Earlier this year, Microsoft made its artificial intelligence framework open-source for developers to use in their apps. The decision to make the CNTK framework open-source comes after Google did the same thing with its own artificial intelligence project.
There are sometimes calls for Microsoft to make its flagship product, the Windows operating system, open-source. If Microsoft were to do this, it'd be an incredibly bold move. The odds are unlikely, as Microsoft can be conservative to a fault.
The Future of Open-Source
Companies that aren't particularly amenable to the idea of open-source typically snatch up truly open-source companies. When this happens, open-source often falls by the wayside as the parent company often pursues business in a more conventional manner. Red Hat Software is definitely an exception to this trend. Aside from Red Hat, not many investors have faith in open-source software companies becoming financially stable.
Peter Levine, a partner at a Silicon Valley venture capital firm Andreessen Horowitz, believes open-source companies aren't viable in their current form.

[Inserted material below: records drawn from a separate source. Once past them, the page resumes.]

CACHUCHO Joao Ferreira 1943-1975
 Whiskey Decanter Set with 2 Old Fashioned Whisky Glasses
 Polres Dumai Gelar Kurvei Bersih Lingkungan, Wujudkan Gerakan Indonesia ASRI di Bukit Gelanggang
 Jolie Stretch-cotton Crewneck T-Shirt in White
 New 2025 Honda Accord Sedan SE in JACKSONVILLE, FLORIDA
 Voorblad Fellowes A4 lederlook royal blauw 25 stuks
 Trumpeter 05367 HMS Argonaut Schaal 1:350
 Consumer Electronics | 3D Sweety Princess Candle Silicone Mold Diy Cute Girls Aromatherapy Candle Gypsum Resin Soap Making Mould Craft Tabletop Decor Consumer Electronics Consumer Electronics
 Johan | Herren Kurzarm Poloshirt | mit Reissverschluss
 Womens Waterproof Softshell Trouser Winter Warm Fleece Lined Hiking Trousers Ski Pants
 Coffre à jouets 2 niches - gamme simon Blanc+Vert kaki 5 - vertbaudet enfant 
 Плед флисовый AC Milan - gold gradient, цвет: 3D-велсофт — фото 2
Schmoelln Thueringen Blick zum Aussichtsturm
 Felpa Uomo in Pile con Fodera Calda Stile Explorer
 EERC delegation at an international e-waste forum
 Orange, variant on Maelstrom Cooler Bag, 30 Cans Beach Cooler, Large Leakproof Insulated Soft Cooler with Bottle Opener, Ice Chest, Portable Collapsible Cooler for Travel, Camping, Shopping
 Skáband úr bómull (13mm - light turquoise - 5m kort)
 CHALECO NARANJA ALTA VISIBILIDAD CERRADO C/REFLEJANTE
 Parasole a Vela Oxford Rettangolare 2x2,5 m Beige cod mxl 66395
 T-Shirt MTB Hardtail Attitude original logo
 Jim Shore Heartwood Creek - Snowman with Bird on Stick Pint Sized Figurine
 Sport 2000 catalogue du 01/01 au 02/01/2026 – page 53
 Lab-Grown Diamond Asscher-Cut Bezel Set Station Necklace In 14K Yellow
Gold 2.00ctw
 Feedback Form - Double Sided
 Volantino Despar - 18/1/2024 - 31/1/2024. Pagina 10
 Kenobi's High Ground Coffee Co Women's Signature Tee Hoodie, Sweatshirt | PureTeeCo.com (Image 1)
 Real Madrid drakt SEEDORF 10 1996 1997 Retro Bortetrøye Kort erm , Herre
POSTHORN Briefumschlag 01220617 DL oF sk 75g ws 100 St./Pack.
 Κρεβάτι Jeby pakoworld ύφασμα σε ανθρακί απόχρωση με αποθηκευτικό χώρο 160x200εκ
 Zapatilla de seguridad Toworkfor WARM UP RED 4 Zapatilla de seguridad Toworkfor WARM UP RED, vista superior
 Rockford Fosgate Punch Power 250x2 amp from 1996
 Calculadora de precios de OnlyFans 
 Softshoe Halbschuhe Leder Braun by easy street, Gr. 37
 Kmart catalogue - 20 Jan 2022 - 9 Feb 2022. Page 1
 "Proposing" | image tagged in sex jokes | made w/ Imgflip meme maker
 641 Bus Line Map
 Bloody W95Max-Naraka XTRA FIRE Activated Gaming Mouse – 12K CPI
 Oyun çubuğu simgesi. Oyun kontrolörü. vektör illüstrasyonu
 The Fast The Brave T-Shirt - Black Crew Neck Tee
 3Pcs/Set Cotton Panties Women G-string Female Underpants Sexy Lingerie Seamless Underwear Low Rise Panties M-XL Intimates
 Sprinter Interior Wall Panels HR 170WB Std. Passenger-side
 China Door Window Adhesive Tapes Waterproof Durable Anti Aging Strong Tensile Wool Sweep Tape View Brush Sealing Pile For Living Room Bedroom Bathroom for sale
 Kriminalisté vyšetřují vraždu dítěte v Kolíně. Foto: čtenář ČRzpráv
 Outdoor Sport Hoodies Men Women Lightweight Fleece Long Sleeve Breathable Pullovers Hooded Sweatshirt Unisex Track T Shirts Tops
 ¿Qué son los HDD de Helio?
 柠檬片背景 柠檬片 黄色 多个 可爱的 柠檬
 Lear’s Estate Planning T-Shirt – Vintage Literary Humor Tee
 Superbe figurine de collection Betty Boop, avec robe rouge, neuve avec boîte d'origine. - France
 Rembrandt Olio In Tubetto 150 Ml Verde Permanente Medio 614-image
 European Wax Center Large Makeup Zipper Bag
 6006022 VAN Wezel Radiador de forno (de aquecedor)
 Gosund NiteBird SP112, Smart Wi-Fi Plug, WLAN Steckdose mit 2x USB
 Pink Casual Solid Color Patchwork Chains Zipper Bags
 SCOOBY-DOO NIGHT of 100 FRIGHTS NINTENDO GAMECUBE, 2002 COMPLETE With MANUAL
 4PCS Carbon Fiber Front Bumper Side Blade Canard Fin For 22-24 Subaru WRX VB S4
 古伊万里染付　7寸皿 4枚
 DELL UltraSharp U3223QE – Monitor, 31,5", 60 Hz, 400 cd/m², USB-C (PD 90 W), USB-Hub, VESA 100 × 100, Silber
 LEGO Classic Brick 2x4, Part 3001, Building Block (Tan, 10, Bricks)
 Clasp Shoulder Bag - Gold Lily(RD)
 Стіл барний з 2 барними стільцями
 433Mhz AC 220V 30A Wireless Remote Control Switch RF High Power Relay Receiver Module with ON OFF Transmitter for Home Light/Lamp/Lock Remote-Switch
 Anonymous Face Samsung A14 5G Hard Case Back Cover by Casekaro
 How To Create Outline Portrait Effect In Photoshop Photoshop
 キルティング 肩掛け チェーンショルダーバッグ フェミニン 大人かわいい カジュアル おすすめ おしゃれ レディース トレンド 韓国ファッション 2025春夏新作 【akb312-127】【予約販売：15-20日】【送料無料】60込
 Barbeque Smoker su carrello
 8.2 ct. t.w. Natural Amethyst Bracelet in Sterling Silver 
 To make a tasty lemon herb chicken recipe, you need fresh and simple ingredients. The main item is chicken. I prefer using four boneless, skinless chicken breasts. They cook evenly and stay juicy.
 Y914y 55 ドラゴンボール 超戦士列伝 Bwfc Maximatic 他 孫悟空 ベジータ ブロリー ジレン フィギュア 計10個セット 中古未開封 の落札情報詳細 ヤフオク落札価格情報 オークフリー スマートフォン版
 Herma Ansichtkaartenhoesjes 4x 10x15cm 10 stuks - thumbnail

What they need to do, he told CIO, is move to cloud-based services and add their own propriety code. The latter means a company's software wouldn't be fully open-source, yet Levine says the business model must be changed in order to fully compete with the big companies.
Red Hat might be successful, but he argues the company could be even more successful by moving away from open source.
This article is commentary by an independent contributor. At the time of publication, the author held no positions in the stocks mentioned.